■ PROBLEM TO WORK ON ■
Copy out all the lines of the data precisely, omitting any pictures.

(Pictures with short captions)
*** Begin section ***
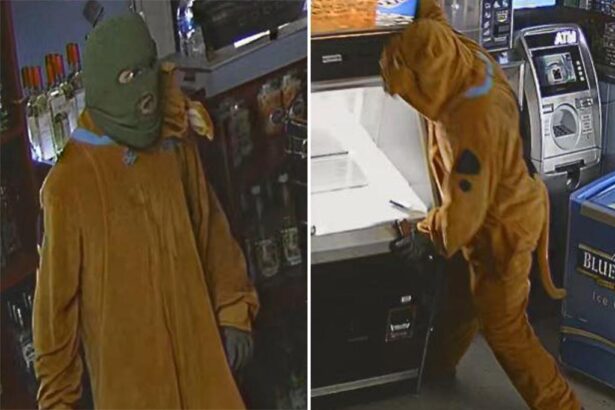 Burglar in Scooby-Doo costume breaks into convenience store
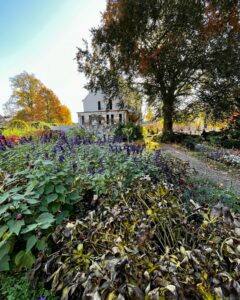 A garden with blooming purple flowers and dried plants in Salem, Massachusetts, with a historic white house and trees with fall foliage in the background.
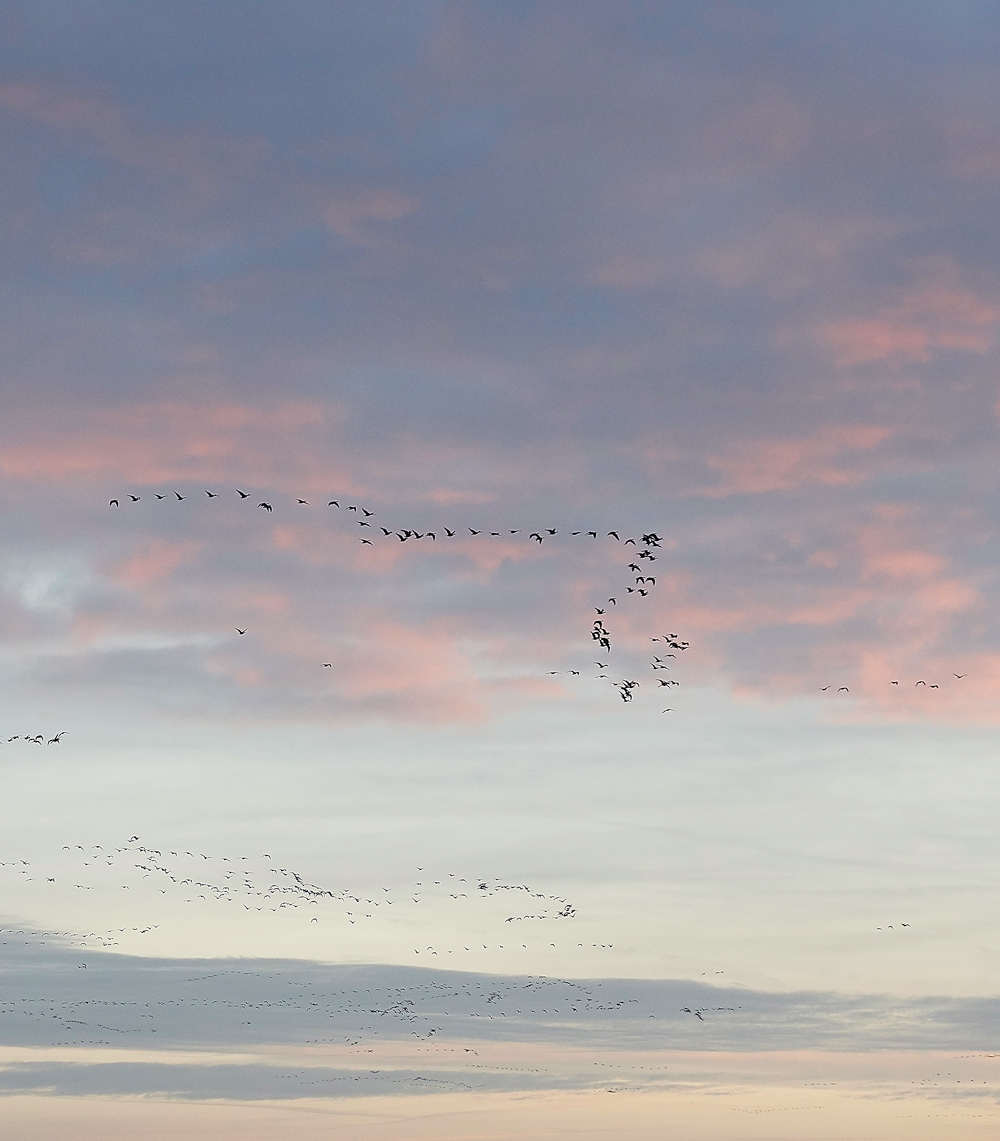 BurnhamMarketPinkfeet011218-1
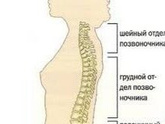 Болит поясничный отдел позвоночника.Девочки
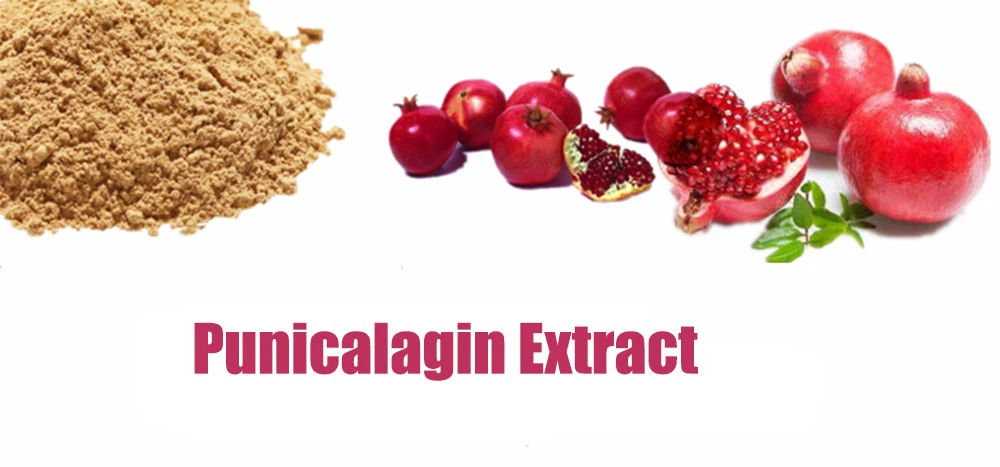 Punicalagin Extract.png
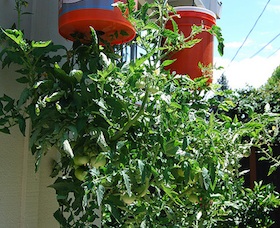 Are Upside-Down Tomato Planters No Good?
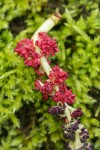 Black Cottonwood male catkin on bed of moss, detail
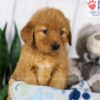 Image of Daisy, a Golden Retriever puppy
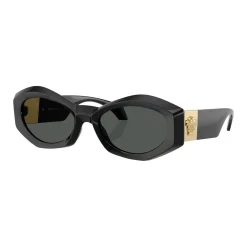 Best Irregular Sunglasses VE4466U Women Sunglasses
*** End section ***
■ WRITTEN RESPONSE ■
 Burglar in Scooby-Doo costume breaks into convenience store
 A garden with blooming purple flowers and dried plants in Salem, Massachusetts, with a historic white house and trees with fall foliage in the background.
 BurnhamMarketPinkfeet011218-1
 Болит поясничный отдел позвоночника.Девочки
 Punicalagin Extract.png
 Are Upside-Down Tomato Planters No Good?
 Black Cottonwood male catkin on bed of moss, detail
 Image of Daisy, a Golden Retriever puppy
 Best Irregular Sunglasses VE4466U Women Sunglasses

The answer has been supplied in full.